The universality, profound and lasting appeal, and decorative versatility of “blue & white” ceramics is undeniable. Through centuries and across continents, blue-decorated white- or off-white-bodied ceramics are nearly ubiquitous. This is due to a combination of reasons: available materials, certain production efficiencies, and, of course, the enduring popularity of the color combination.
Generally, antique ceramics derive from local clay and materials—many of which are light in color—from bright white to dull gray. The earliest “blue” was often made from cobalt oxide, though later on, blue pigments were produced from other, cheaper, local sources—even if cobalt oxide remained the most desirable. Cobalt oxide could withstand high-temperature firing (essential for the kaolin-based ceramics found in China). Generally, it was ground and mixed with water and applied by brush to the pottery body before applying the protective glaze and subsequent firing. That the pottery only had to be fired once was a benefit— both to the durability of the decoration (since it was under the glaze) and to the efficiency of the production.
For centuries, China and other Far Eastern countries produced much of the world’s blue-decorated porcelain, and it is Chinese blue & white which is the most familiar even now. Examples of Chinese porcelain made their way to Western Europe in the 15th century, and the popularity there was undeniable. In the centuries that followed, European ceramics were decorated in blue (often in a floral or foliate style derived from the Chinese). In the late 18th century and even more prolifically in the 19th century, potteries and porcelain houses the world over were making white-bodied ceramics with blue decoration.
Throughout that time, blue & white continued to be made in China. Several now well-known patterns, including the omnipresent “Canton” were often shipped in huge volume on return trips from China by Western merchant vessels and delivered to eagerly waiting consumers throughout Europe and the United States. The popularity of these particular blue & white patterns spawned even more copycats throughout Europe (“Blue Willow” perhaps most famously), which simply increased the amount of blue & white available. By the early 19th century, potteries in Staffordshire, England, and elsewhere were in full-swing, making “transferware,” primarily in blue. They catered to specific markets, including the United States, with designs meant to celebrate American history, patriotism, and independence.
Even American potteries from New Jersey north to New York, Massachusetts, and Vermont, who produced thick-walled pottery referred to as “stoneware,” decorated their wares with cobalt blue, perhaps in keeping with the decorative traditions of the past. In the late 19th and well into the 20th century, American potteries continued to produce what could still be referred to as “blue & white.” Among these is Dedham Pottery in Massachusetts, which produced ceramics decorated with wide cobalt blue rims with flora and fauna and achieved a crackled glaze inspired, as was much blue & white, by the Chinese precedent.
Interior designers (and these days, Instagram and Pinterest users) have long known the appeal and the versatility of blue & white—it is a pleasing combination.

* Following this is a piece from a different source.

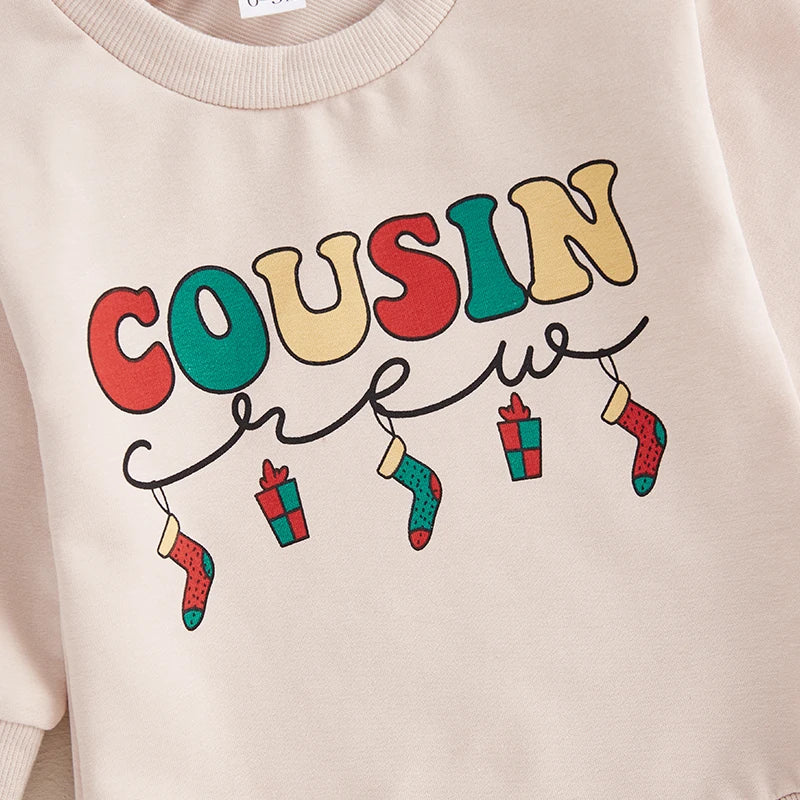 0-18M Baby Boys Girls Christmas Romper Letter Print Crew Neck Long Sleeve Sweatshirt Jumpsuit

With its proliferation throughout the world and centuries, we at Skinner find blue & white in a huge variety of homes. Blue & white can stand out as a bold accent in some modern and minimalist homes, or can adorn mantelpieces and open cupboards as exhibited compendia in wood-paneled parlors. And it just as often gets stuffed into corner cupboards, emerging twice a year as the “fancy china.” Blue & white looks as good against oak and mahogany furniture in a low-ceilinged 18th century home as it does in a brightly lit seaside retreat on a white marble countertop. Best of all, the “look” of blue & white is affordable. While there are early and important examples of Chinese and European blue & white that bring huge sums, most blue & white is, as it has always been, an attainable and enduring product.